[[ INFORMATION SHOWN, beginning ]]

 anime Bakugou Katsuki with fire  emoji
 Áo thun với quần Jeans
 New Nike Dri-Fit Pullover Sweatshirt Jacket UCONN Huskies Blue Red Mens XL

[[ INFORMATION SHOWN, end ]]

Write out the complete listing above, exactly as it reads.

REPLY>
 anime Bakugou Katsuki with fire  emoji
 Áo thun với quần Jeans
 New Nike Dri-Fit Pullover Sweatshirt Jacket UCONN Huskies Blue Red Mens XL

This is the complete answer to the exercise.